Come ha concepito il modo di filma­re i combattimenti?
«Durante tutto il film la macchi­na da presa è molto vicina ai per­sonaggi. Per quel che riguarda i combattimenti, man mano che Mike cade in questa situazione di barbarie, la macchina da presa si allontana da lui. Ad esempio, il combattimento che si svolge den­tro la gabbia è ripreso dall’ester­no. Ci riavviciniamo a lui alla fi­ne, quando in un certo senso si redime. Per quel che riguarda i combattimenti avevamo un co­ach molto bravo che ha lavorato a lungo con gli attori. Tutti sape­vano sempre esattamente cosa fare, e ciò era fondamentale so­prattutto per evitare incidenti».

Dal punto di vista delle ambientazio­ni, ci sono molte scene notturne, qua­si buie.
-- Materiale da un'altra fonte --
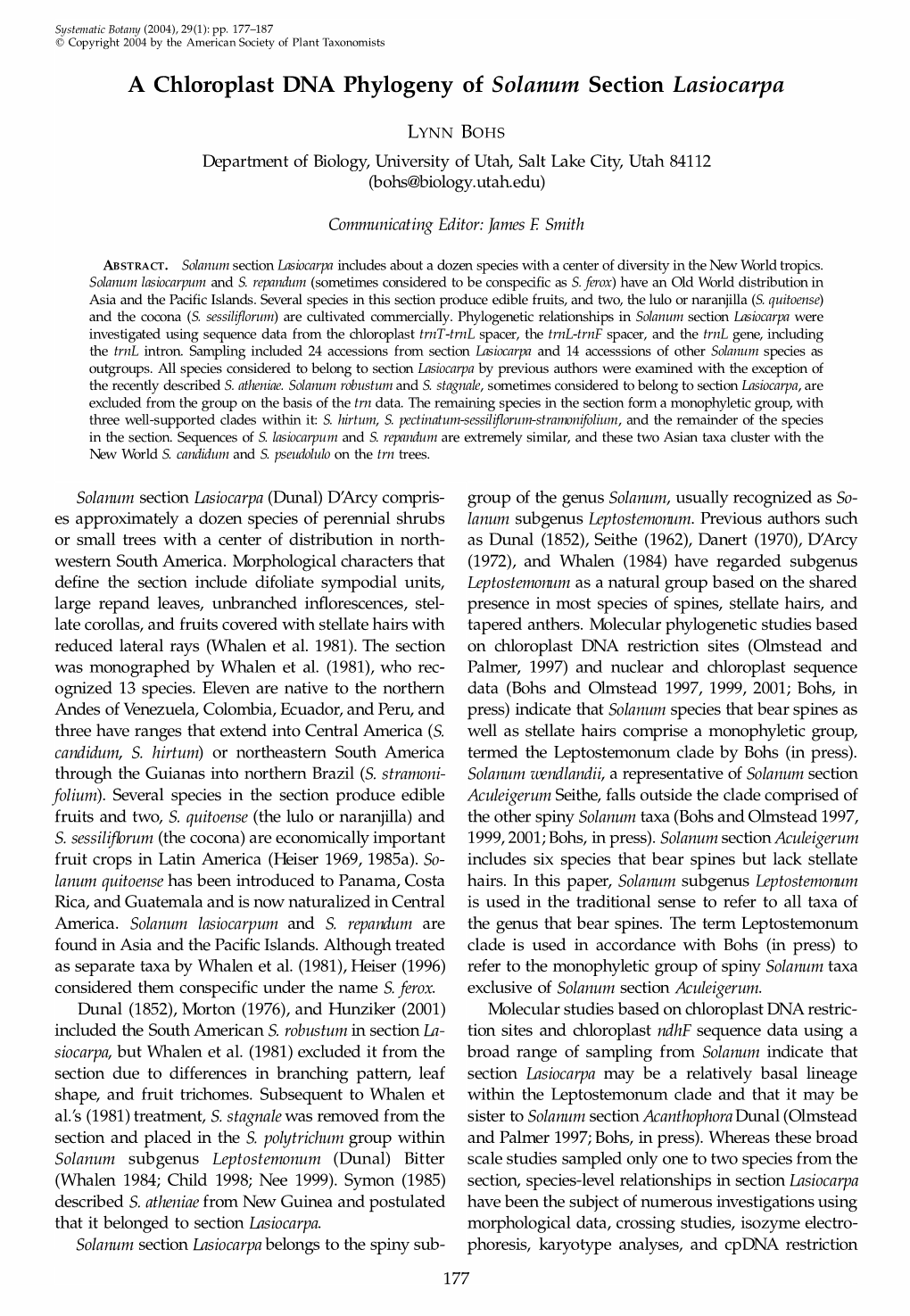 A Chloroplast DNA Phylogeny of Solanum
Come mai?
« È un film che va verso l’oscuri­tà, anche dell’anima, e il buio che circonda i combattimenti vuol re­stituire questa dimensione sullo schermo».
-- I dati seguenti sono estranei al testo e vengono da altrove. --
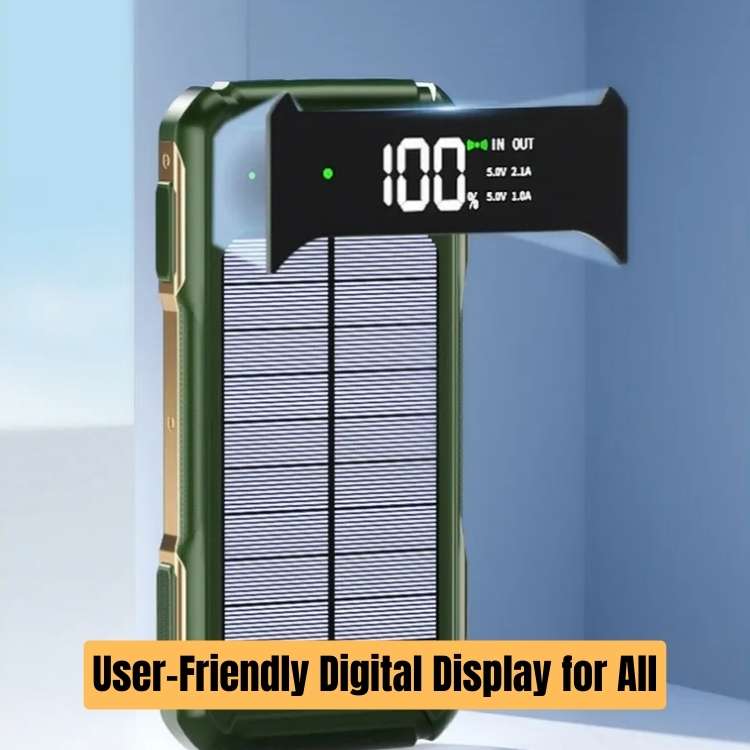 Solar Power Bank 10000mAh – Portable Charger with Flashlight & Compass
La raffigurazione che dà del mondo dei combattimenti clandestini si può dire sia realistica, oppure la realtà è ancora peggiore?
«Ho effettuato ricerche molto ap­profondite in questo mondo: si va dall’incontro di boxe normale ma senza arbitro a combattimen­ti dove invece si staccano le dita a morsi. Il motore principale per i giovani che vi partecipano è la di­sperazione per i soldi, ma anche la necessità di affermarsi, seppu­re in un modo paradossale, as­surdo e autodistruttivo».

Dopo che Mike rompe i contatti con la sorella, entra in scena Ramirez (in­terpretato da Juan Pablo Ogalde), che in un certo senso la sostituisce. Com’è nato questo personaggio?
«È ispirato a un vero pugile ar­gentino che abbiamo visto com­battere a Milano e si comportava un po’ allo stesso modo: corag­giosissimo, ma senza curarsi del­le botte che prendeva. Una spe­cie di masochista del ring».

Qual è l’aspetto più saliente della fi­gura del pugile, quello che l’ha convin­to a fare un film su uno di loro?
«Ne ho conosciuti molti e devo dire che hanno quasi sempre un aspetto puro, apparentemente ingenuo, ma emanano anche una certa “saggezza”: sono mol­to coscienti del proprio corpo, della propria identità. Non ho mai visto nei pugili quella legge­rezza che si trova ad esempio in certi calciatori, anche perché fanno una vita dura, che li tem­pra, seguono una disciplina qua­si monacale dettata dall’allena­tore che è una sorta di maestro di vita. Il pugilato, se lo pratichi seriamente, vuol dire esserci dentro 24 ore al giorno, non so­lo quando sei sul ring».